# le preneur comme le redevable



## ganesa2242

Bonjour,

comment traduiriez-vous cela :
"...et de l’article 283 alinéa 2 du CGI qui désigne le preneur comme le redevable".

Il s'agit d'une exonération de TVA. Le preneur est le client mais je ne trouve pas comment traduire redevable dans ce contexte.

Grazie per l'aiuto.


----------



## matoupaschat

Ciao Ganesa2242, 

Ti posso solo indicare il significato in francese, casomai non l'avessi trovato :
*II. −* _Subst._ Celui, celle qui est assujetti(e) à une redevance. Synon. _imposable_. _Les redevables de l'impôt direct_. _Le nombre des redevables est un indice fiscal ou comptable, intermédiaire entre le nombre d'entreprises et le nombre d'établissements_ (Romeuf t. 2 1958).
Tratto da : http://forum.wordreference.com/newreply.php?do=postreply&t=1955596​


----------



## ganesa2242

Ciao Matoupaschat (mi piace da morire questo nome),

Merci beaucoup. Le sens français, je l'avais (je suis de langue maternelle française).

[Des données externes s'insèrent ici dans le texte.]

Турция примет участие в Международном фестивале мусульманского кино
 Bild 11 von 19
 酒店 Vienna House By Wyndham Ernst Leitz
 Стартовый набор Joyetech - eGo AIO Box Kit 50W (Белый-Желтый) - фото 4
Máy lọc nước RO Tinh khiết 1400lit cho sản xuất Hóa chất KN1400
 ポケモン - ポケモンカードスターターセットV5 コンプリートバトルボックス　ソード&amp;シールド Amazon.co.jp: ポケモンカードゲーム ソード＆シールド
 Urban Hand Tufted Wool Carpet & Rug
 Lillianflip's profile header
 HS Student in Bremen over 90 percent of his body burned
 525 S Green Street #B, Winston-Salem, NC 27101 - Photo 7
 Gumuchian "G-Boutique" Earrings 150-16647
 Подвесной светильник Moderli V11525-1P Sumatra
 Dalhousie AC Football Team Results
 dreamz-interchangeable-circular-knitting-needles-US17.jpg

Au final, j'ai traduit par : "il cliente come il debitore". Je pense respecter le sens.


----------



## Corsicum

Je ne sais pas du tout, mais ici il y a de plusieurs exemples dont deux :
http://eur-lex.europa.eu/RECH_mot.do
_« les redevables directs ou indirects = i soggetti direttamente o indirettamente obbligati al pagamento »_
_http://eur-lex.europa.eu/Notice.do?mode=dbl&lang=fr&lng1=fr,it&lng2=bg,cs,da,de,el,en,es,et,fi,fr,hu,it,lt,lv,mt,nl,pl,pt,ro,sk,sl,sv,&val=524933:cs&page=1&hwords=comme+le+redevable%7E_
_« a été désigné comme redevable de la taxe = sia stato designato come debitore dell’imposta »_
_http://eur-lex.europa.eu/Notice.do?...l=511646:cs&page=1&hwords=comme+le+redevable~_


----------



## ganesa2242

Merci Corsicum! Le deuxième exemple correspond parfaitement à ce que je recherchais. 

Merci beaucoup.


----------